Alternatives considered and rejected

  • Model the compliance catalog in YAML. Rejected: praxis has no YAML dependency and hand-rolls its only frontmatter parser (BL-057) to avoid the parser attack surface; JSON plus a pydantic model is the in-repo idiom (ADR-0014) and needs no new dependency.
  • Invent a CTL-NNN namespace for every control. Rejected: the SEC constraints are already the tested, STPA-derived control set; keying the catalog on them keeps one spine. A single CTL-001 is used only for the supply-chain/secure-development control that has no single SEC home.
  • Change the talosctl reset default to the STATE-preserving scope. Rejected here: the system-disk default is a documented BL-025 decision, and reversing a destructive default is an operator decision that belongs in its own ADR, not a side effect of adding an option. The safer scope is now available; the default question is a revisit trigger.
  • Implement compare-and-set as a new MCP tool.
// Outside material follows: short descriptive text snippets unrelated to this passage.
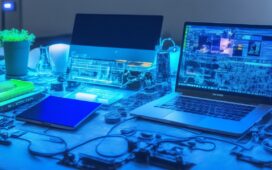 Ein hell erleuchteter Arbeitsplatz mit einem modernen Laptop im Fokus, umgeben von technischen Gadgets und einer freundlichen Person, die konzentriert und selbstbewusst an Firmware-Sicherheitsupdates arbeitet, während warmes Tageslicht durchs Fenster fällt und eine Atmosphäre von Vertrauen und digitaler Vorsorge schafft.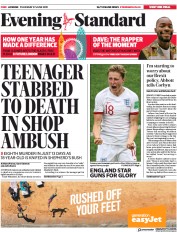 London Evening Standard (UK) Newspaper Front Page for 28 June 2019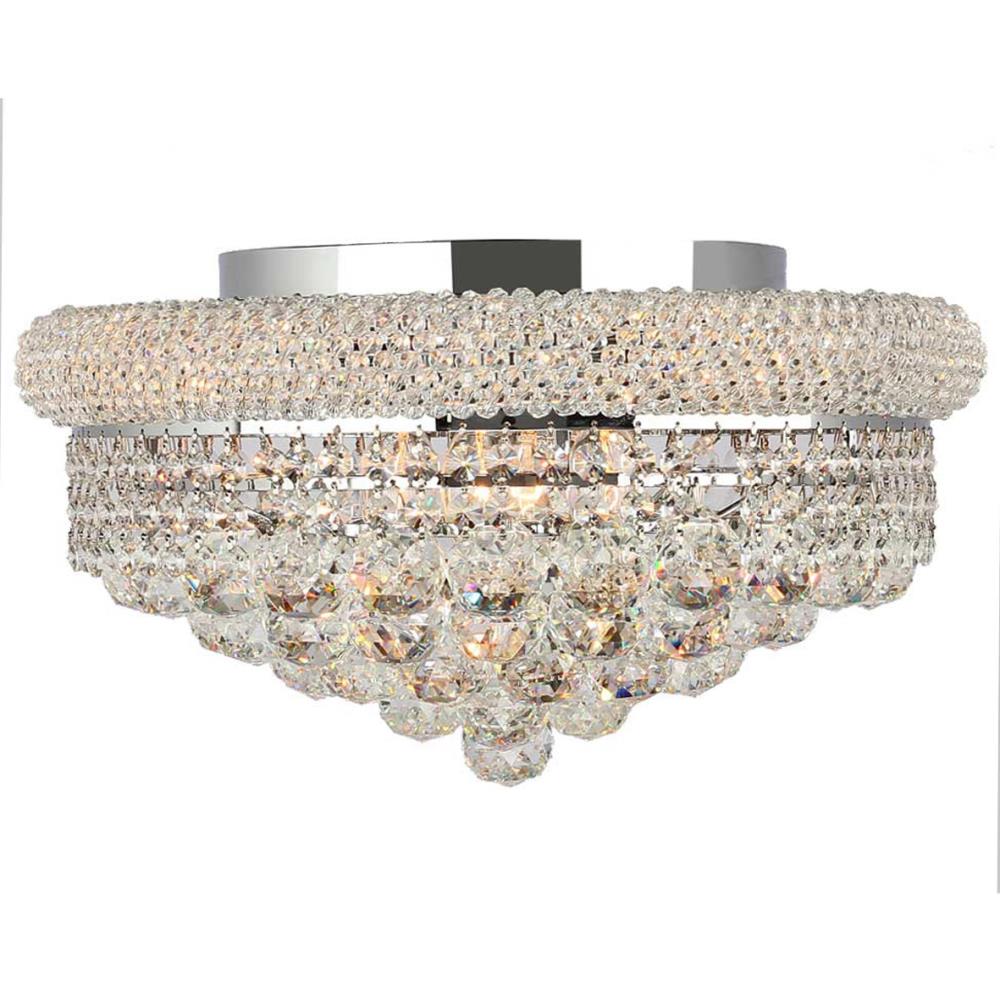 Worldwide Lighting W33011C16 8-Light 16-in Chrome Flush Mount Light
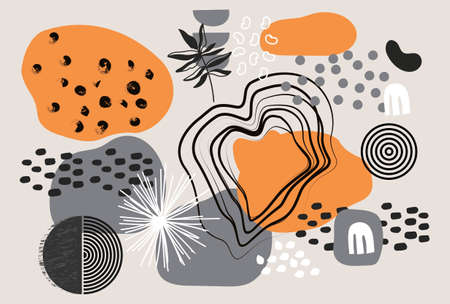 Modern colorful abstract doodle elements on grey backgroundのイラスト素材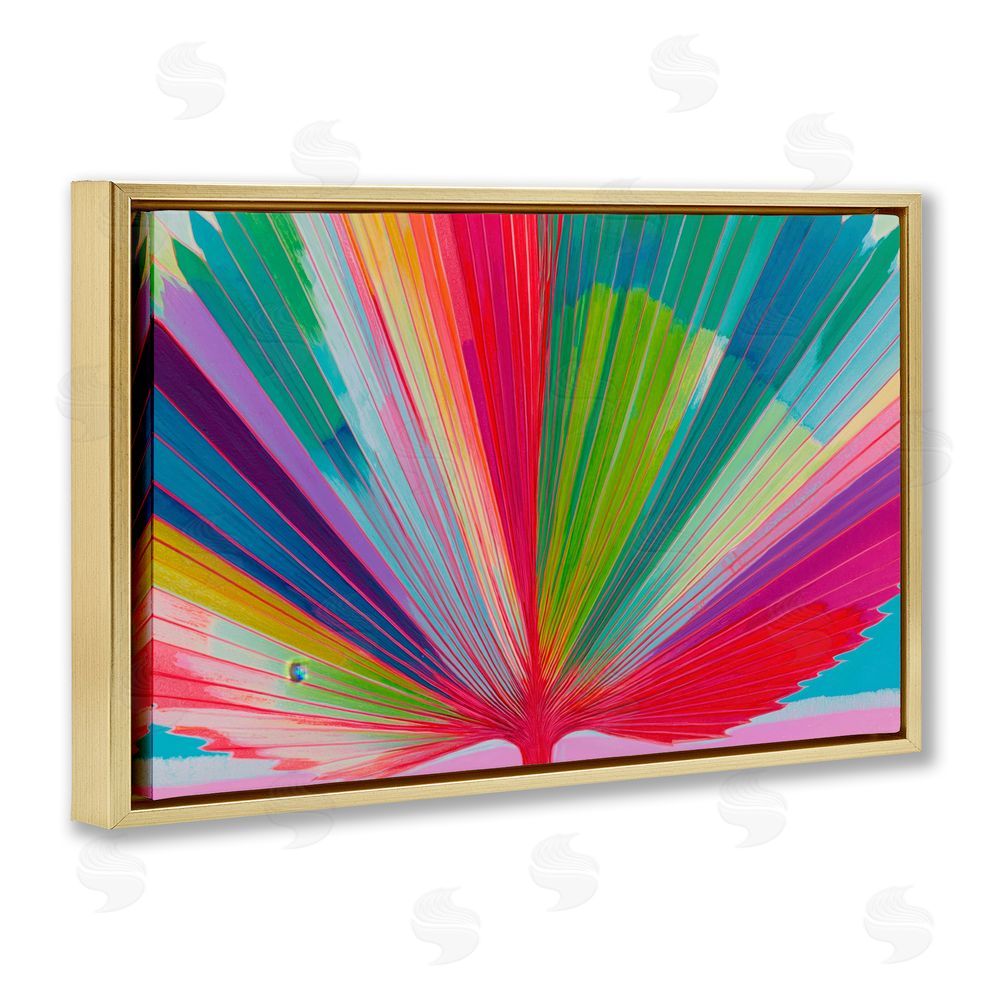 Chromatic Storm Studio Palm Fan In Spectrum Gold Floating Framed Canvas Wall Art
Rejected: it is a store primitive, not a new control action; it routes through no new tool surface and so needs no new UCA row. The fact-writing tools that already have UCA coverage can adopt it internally.
  • Add an audit request_id/client_id field in this wave. Rejected for now: the value is correlation across concurrent clients, which the stdio-default single-operator server does not have; filed rather than built.

Revisit triggers

  • A second audit sink is wired (the Postgres audit path, a syslog target): introduce the multi-sink fan-out with per-sink failure containment, BaseException still propagating, before the second sink can mask the first.
  • The drift engine needs a machine-readable CIS-Talos desired-state baseline: open a dedicated ADR for the fact-predicate schema, then transcribe the baseline as KNOWN_GOOD data.
  • An operator decides the default Talos reset scope should preserve STATE: supersede the BL-025 default in a new ADR and flip _DEFAULT_WIPE_MODE with its test.
  • The HTTP transport (BL-012) lands and the server serves multiple clients: add the audit request_id/client_id correlation field (additive to the audit record).
  • A new SEC constraint or a moved enforcement file: update docs/governance/compliance-controls.json in the same change (the validator will flag the omission).
  • Live PostgreSQL becomes available to CI or the operator: add the concurrent create-if-absent compare-and-set test (BL-103) and confirm the IntegrityError-to-VersionConflict translation under real contention.